Al principio parecía el discípulo aventajado de Ridley Scott. En Alien 3 (1992), Fincher pulía la historia del encerramiento y la persecución, como en la primera cinta de la saga, con una atmósfera  cuidada al detalle, fruto de su larga experiencia como director de videoclips.  Su segunda película,  Seven (1995), fue su consagración definitiva como director de texturas oscuras, filtros ocres y narraciones violentas. Seven, que se ha convertido en una película de culto para los amantes del thriller, era la prueba palpable de un director que, aunque aún no supiéramos cuál era su horizonte narrativo, tenía la técnica y el oficio para desplegarlo.  Y después de varios devaneos interesantes, sobre todo Fight Club (otra historia lustrosa por su estilo y atmósfera) y la hitchcockniana Panic Room (2002), compuso Zodiac (2007), su película más interesante hasta la fecha a mi juicio. Zodiac es un giro deslumbrante y original en su carrera  porque Fincher ensaya un género mucho más difícil del que  manejaba hasta entonces: esconde al psicópata, como una especie de Seven sin serial killer, y se fija en el proceso de investigación de un caso mediático, con repercusiones en el imaginario popular del miedo. Zodiac es una película que ha ganado con el tiempo hasta convertirse en uno de los mejores ejemplos de la estética informativa, heredera del cine conspiratorio de los años setenta, que es capaz de crear intriga, tensión y engranajes sobre todo con un entramado de datos. Por desgracia, Fincher seguía sin saber adónde ir. La dorada Benjamin Button (2008) apenas guardaba relación con las inquietudes del archivista de Zodiac, y pese a la interesante The social network (2010), Fincher volvía a las andadas con La chica con el dragón tatuado: narraciones impecables técnicamente, pero que apenas sostenían un discurso ideológico que no fuera el del perseguidor y sus víctimas. Películas cuidadas, revisadas y corregidas hasta la extenuación, carentes de respiración, sin embargo, desnaturalizadas por tanto artificio.

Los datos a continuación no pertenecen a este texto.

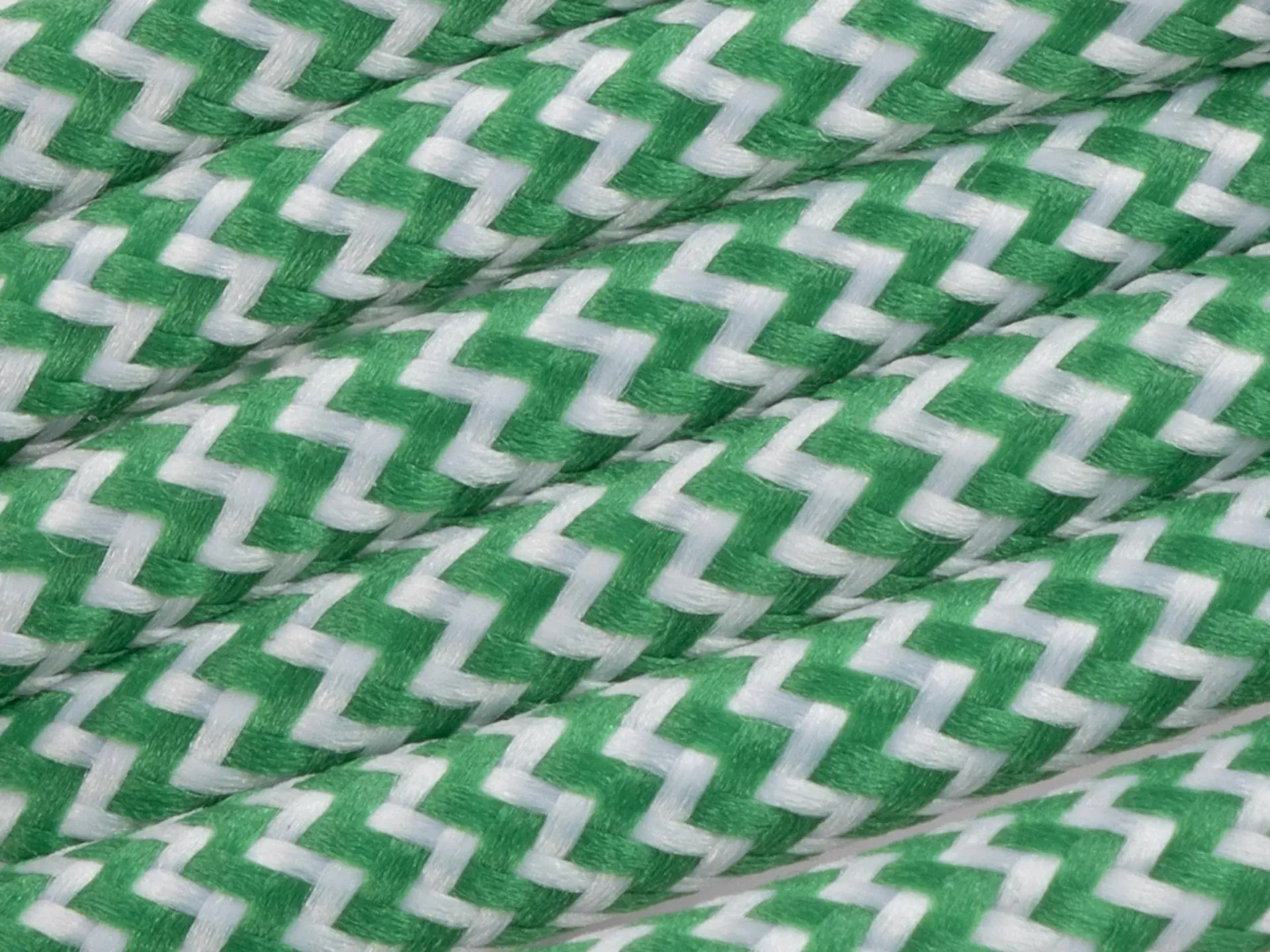 Groen met wit strijkijzersnoer - zigzag motief - 2 aderig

Y ahora viene Gone Girl, que es más de lo mismo: una película tramposa, hecha de trucos para engatusar y  darle la vuelta a las presunciones del espectador. Porque todo este circo, ¿a qué viene? ¿Qué quiere contarnos finalmente Fincher? ¿Que la familia es una institución levantada sobre el rencor y la ruina? Podría haber encontrado mejores relatos para profundizar en esa idea, en ese caso. ¿Que la televisión juzga sin pruebas y sin la presunción de inocencia?  Si esta era la gran pregunta entonces le ha salido un juego demasiado enrevesado, que pierde su foco  en demasiadas ocasiones. Además, la contención estilística de Gone Girl no se hace en busca de una historia más sencilla o desnuda, sino que todo en ella huele a telefilm en su peor acepción, con personajes desconectados de su realidad social y su entorno, colocados en una especie de decorado falso de casitas de juguete. Antes teníamos películas  faltas de vida con el sello de un virtuoso de las atmósferas. Ahora ni eso. Gone Girl es un plato insulso, que esta vez no deja siquiera el asombro ante la presentación, quizá porque estas historias que pretenden funcionar como un mecanismo de relojería le resultan ajenas a Fincher, y se nota. Males, supongo, del que cree que narrar es solo una cuestión de habilidad.